The company wrote that the LOC is allowed to grow at the interest rate, plus the monthly MIP rate, which “allows for unmanaged, automatic growth up to the amount a homeowner can borrow without refinancing or revaluation.”

It criticized this feature as running counter to home equity lines of credit (HELOCs), which do not offer automatic growth and can essentially be frozen to limit lenders’ risk in cases such as falling home prices.

New View proposed eliminating the LOC growth feature and limiting these loans to terms of five to 10 years. It proposed an end to the HECM term, tenure and modified options. And it called for a reduction in the initial principal amount in exchange for a proportionately lower initial MIP and a closed-end feature.

No more advice

Every HECM borrower must receive counseling from a HUD-approved provider. But New View believes that if the “dizzying array of product choices” were simplified, as it suggests, this requirement could be lifted.

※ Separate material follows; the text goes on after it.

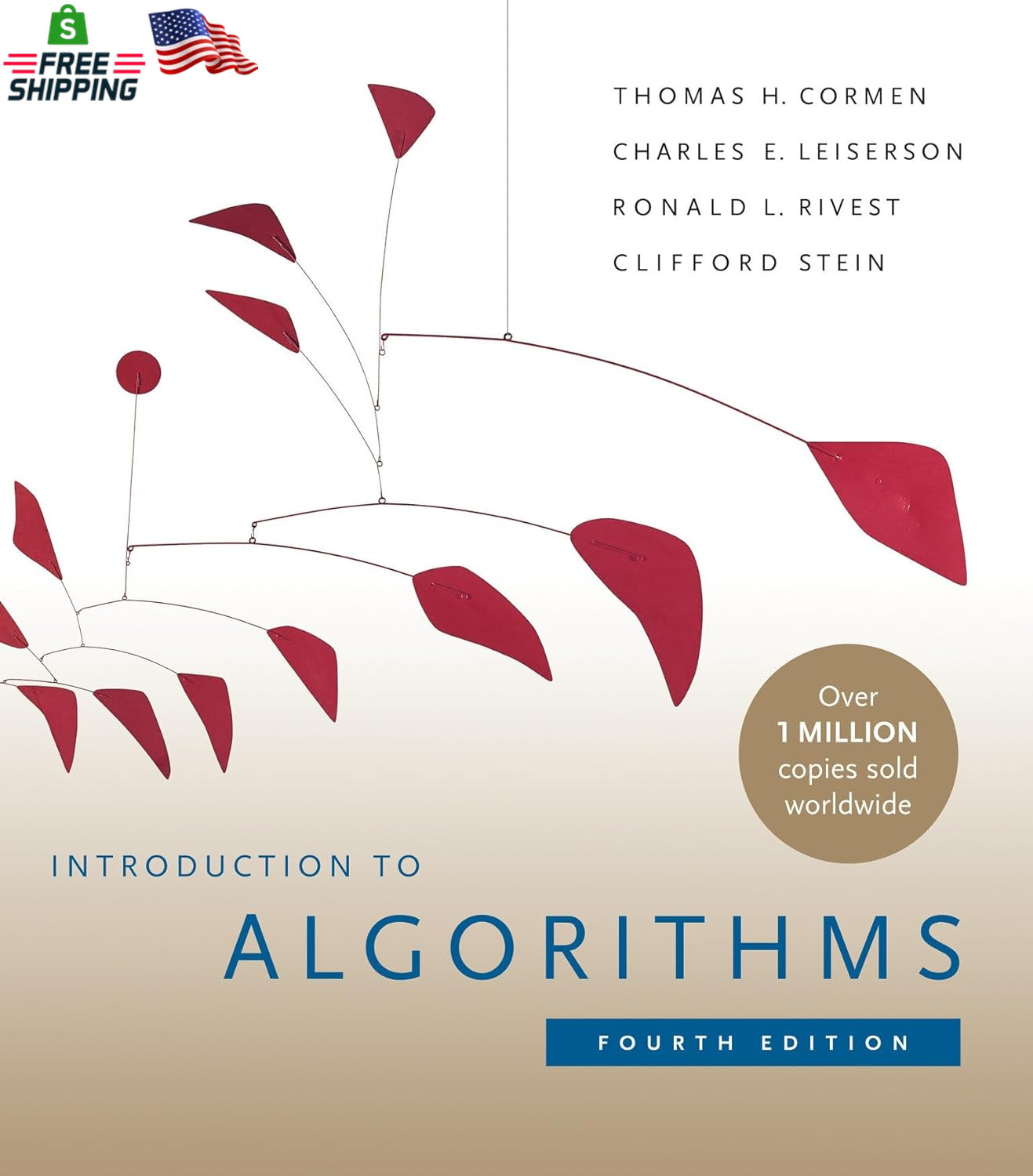 Introduction to Algorithms, Fourth Edition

The company said the many options available “only succeed in confusing the borrower,” which has damaged the product’s reputation and suppressed sales volumes for years. It also suggested that counseling “gives a negative connotation to HECM,” while noting that more complex financial products such as annuities, insurance and adjustable-rate term mortgages do not have a counseling requirement.

“We believe that counseling has been significantly watered down in recent decades, becoming more of a check-the-box step than a more serious safeguard,” the company wrote.

“During a panel at the annual NRMLA conference in October, a speaker spoke about the challenges his grandfather faced in learning and understanding HECM. It is not an easy product to explain, and adding extra bells and whistles, even if they are in the best interest of the borrower, rather than providing clarity, are often the source of much confusion.”